Local Economic Impact: Community-Level Effects

For a city with an estimated population of 10,000-12,000, the loss of 299 workers over nine years represents material economic stress. If these workers earned average wages of $45,000-$55,000 annually—typical for skilled trades and education positions in Mississippi—their displacement eliminated $13.5 million to $16.5 million in annual household income from the local economy. This income loss propagates through retail, service, and real estate sectors, affecting tax revenues and municipal service provision.

Zachry Industrial's layoffs create particular vulnerability because industrial workers earning prevailing wages supported higher-consumption patterns than the regional average. Loss of these households diminishes local spending power and reduces sales tax collections critical for municipal budgets. Moss Point High School's 102-worker reduction similarly affects community economic velocity, though public sector job losses may receive partial mitigation through state unemployment insurance and pension income.

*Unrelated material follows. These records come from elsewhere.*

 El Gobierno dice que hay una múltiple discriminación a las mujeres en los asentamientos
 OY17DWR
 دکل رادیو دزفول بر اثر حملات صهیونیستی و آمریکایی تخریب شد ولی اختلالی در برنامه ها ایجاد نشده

The psychological and social impacts merit consideration alongside pure economic measurement. Three WARN notices over nine years creates persistent uncertainty in local labor markets, potentially encouraging younger workers to migrate to more economically stable regions and discouraging business investment in Moss Point. Outmigration of working-age population further pressures school enrollment and property values, creating feedback loops that amplify initial employment shocks.

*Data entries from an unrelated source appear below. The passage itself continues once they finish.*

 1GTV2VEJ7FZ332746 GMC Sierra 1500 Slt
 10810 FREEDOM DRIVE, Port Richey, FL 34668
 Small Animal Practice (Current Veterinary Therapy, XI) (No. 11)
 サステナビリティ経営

Regional Context: Comparison to Mississippi Trends

Mississippi's current labor market shows relative strength compared to national benchmarks. The state's unemployment rate of 3.6% as of January 2026 remains below the national rate of 4.3%, and Mississippi's year-over-year initial jobless claims declined 31.0%—matching the national 31.6% improvement. Initial claims in Mississippi currently stand at 1,058 weekly, down from 1,533 one year prior, indicating tightening labor markets.

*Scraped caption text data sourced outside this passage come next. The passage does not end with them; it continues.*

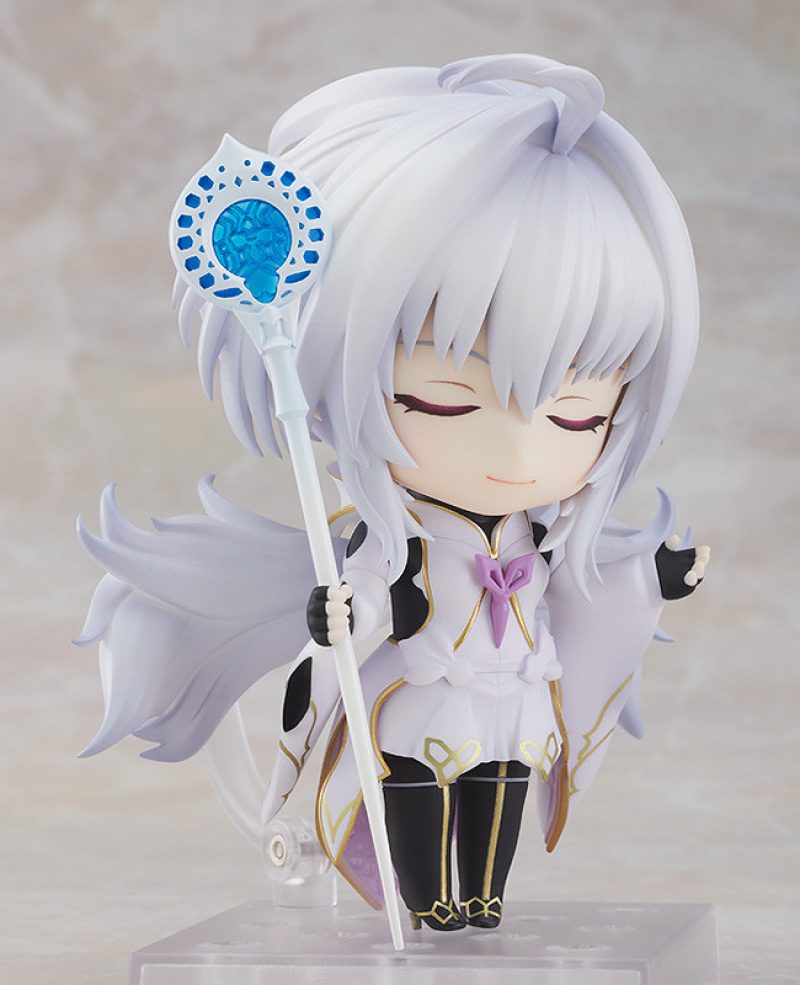 Nendoroid Caster/Merlin (Prototype)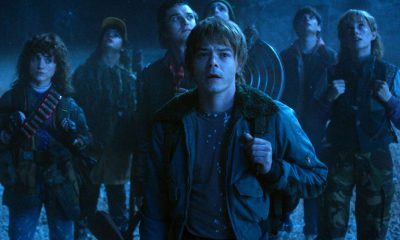 Who Dies in the Final Takedown?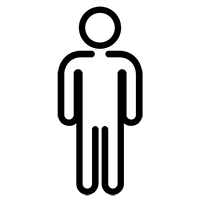null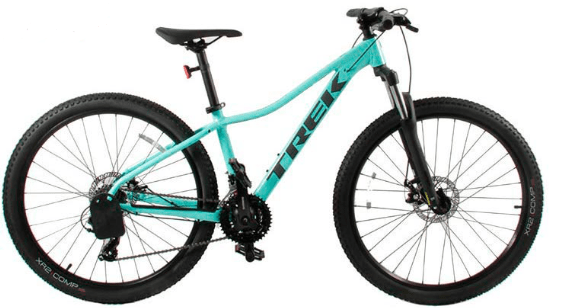 BICICLETA MARLIN 4 CALIPSO 27.5 S1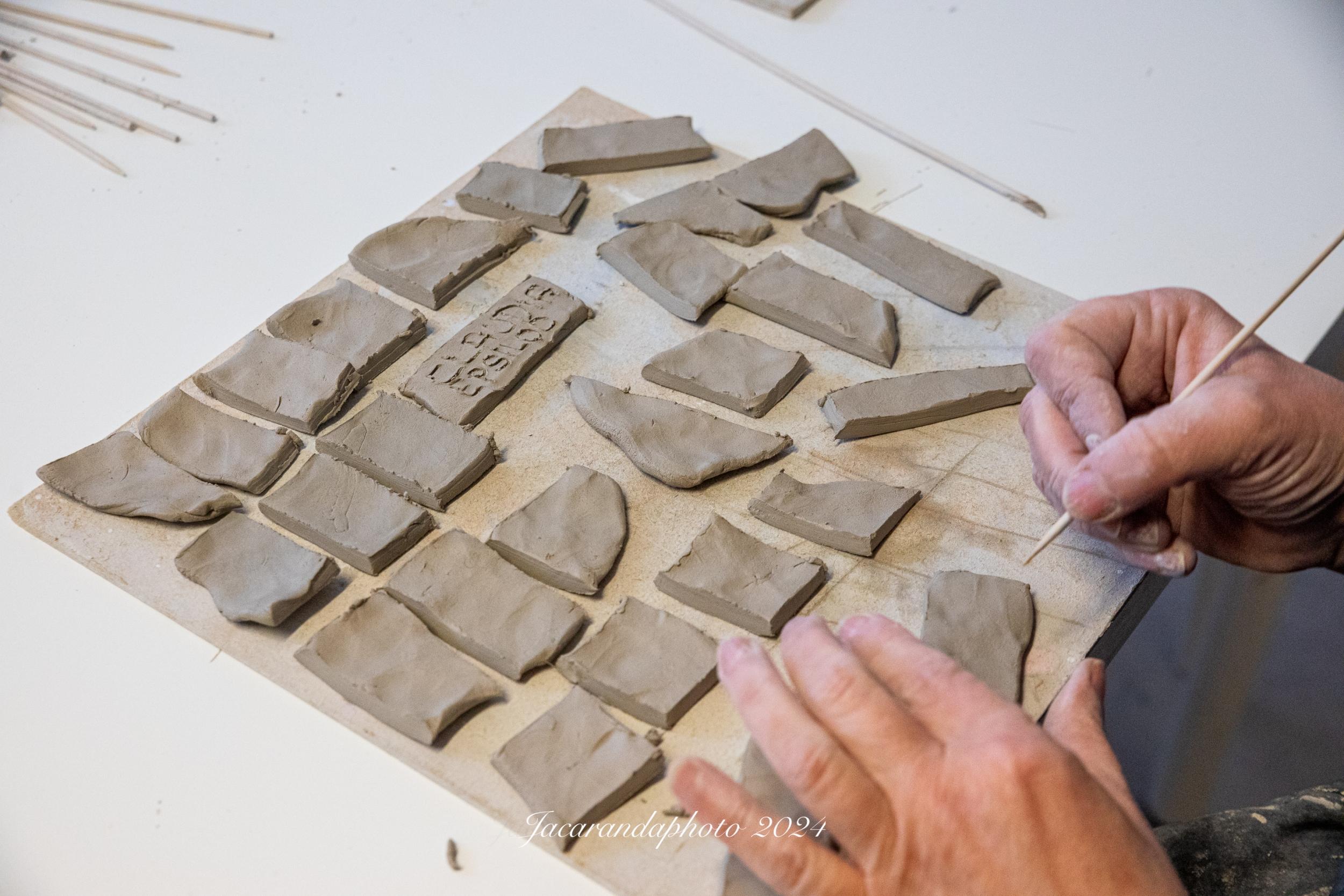 Initiez votre équipe au tour de potier avec Claudia - Image n°5 - Wecandoo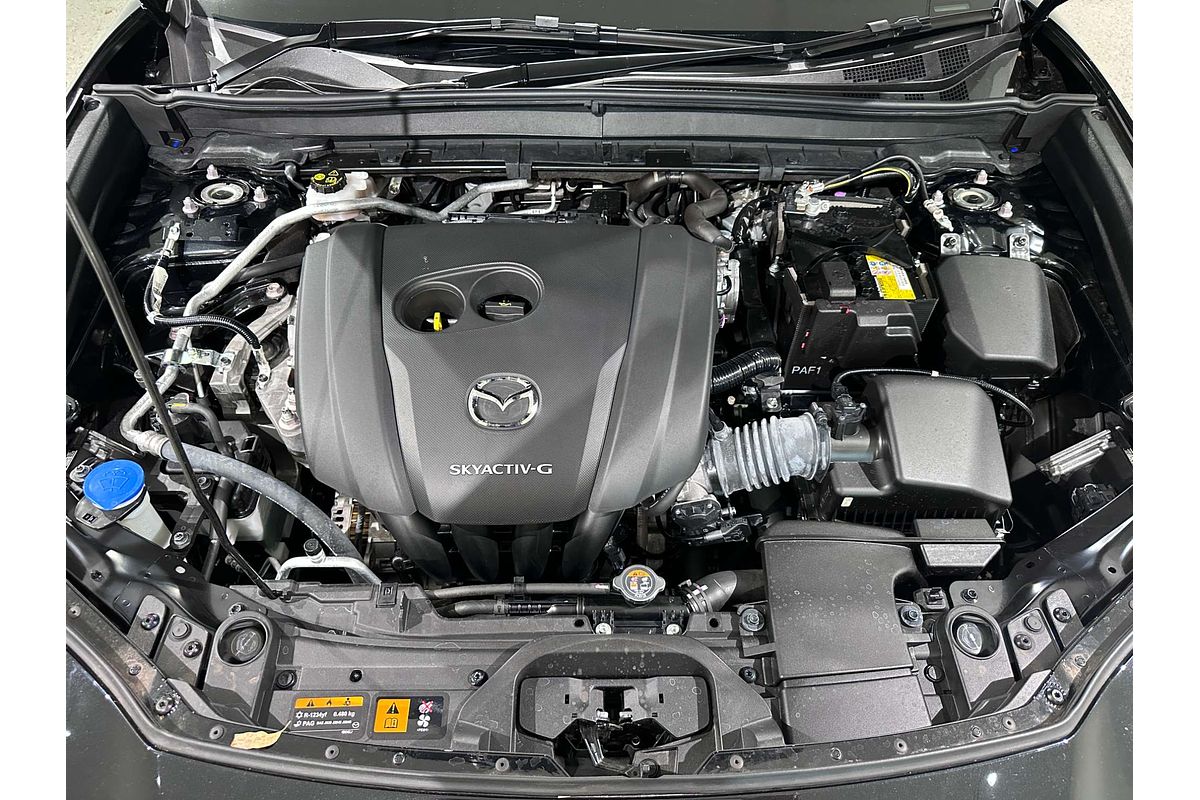 2023 Mazda CX-30 G25 Touring DM Series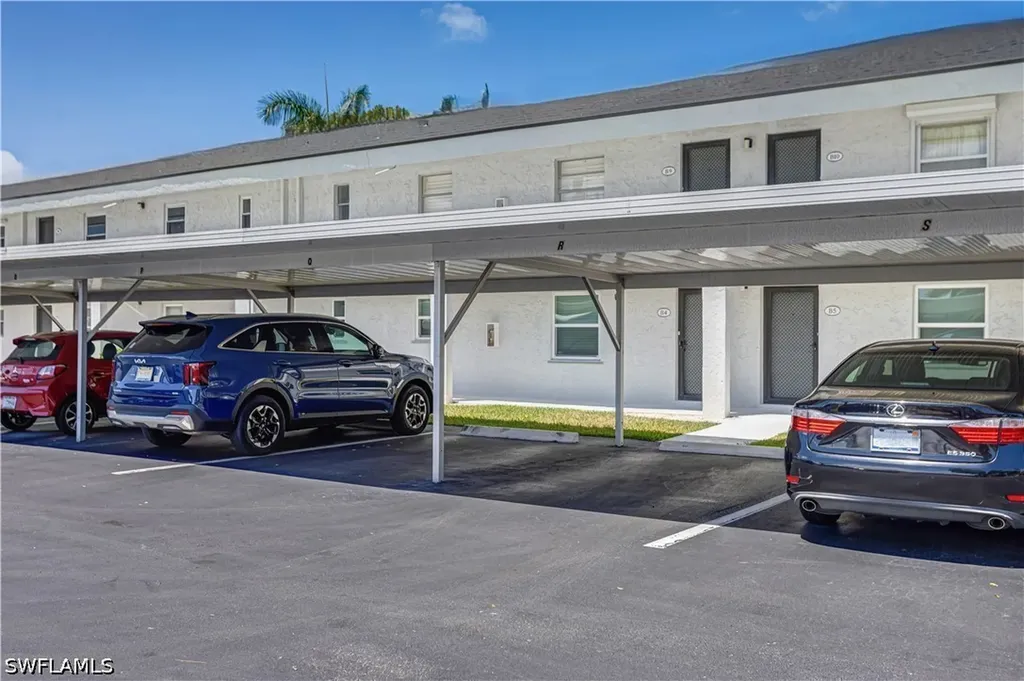 4126 Belair Lane Naples FL 34103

However, Mississippi's 4-week jobless claims trend shows recent deterioration, rising 19.4% from the prior week's 754 claims to 886. This uptick warrants monitoring as a potential signal of emerging labor market softness. Moss Point's WARN notice history, concentrated in 2011, 2018, and 2020, aligns with national recession indicators but suggests the city's economic base lacks the diversification characterizing larger Mississippi metros like Jackson or the coastal region around Gulfport.

Mississippi's H-1B visa certification data reveals that state employers certified 4,923 H-1B positions across 1,120 unique employers, with average salaries of $89,746. This immigration-dependent hiring concentrates in higher education (Mississippi State University with 397 petitions, University of Mississippi Medical Center with 376 petitions) and specialized technology roles. Notably, Moss Point employers do not appear prominently in H-1B petition data, suggesting the city's economic structure lacks the knowledge-economy positions that drive visa-dependent hiring. This absence underscores Moss Point's reliance on cyclical industrial employment rather than stable, high-skill occupations.

Zachry Industrial's H-1B participation status remains unclear from available data, but the company's absence from top visa-petitioning employers suggests workforce composition tilted toward domestic skilled trades rather than visa-dependent specialization. This characteristic distinguishes Moss Point from rapidly growing technology and healthcare hubs where H-1B hiring creates parallel track employment systems. The city's economic vulnerability therefore does not stem from foreign worker competition but from structural dependence on single-sector cyclical employment.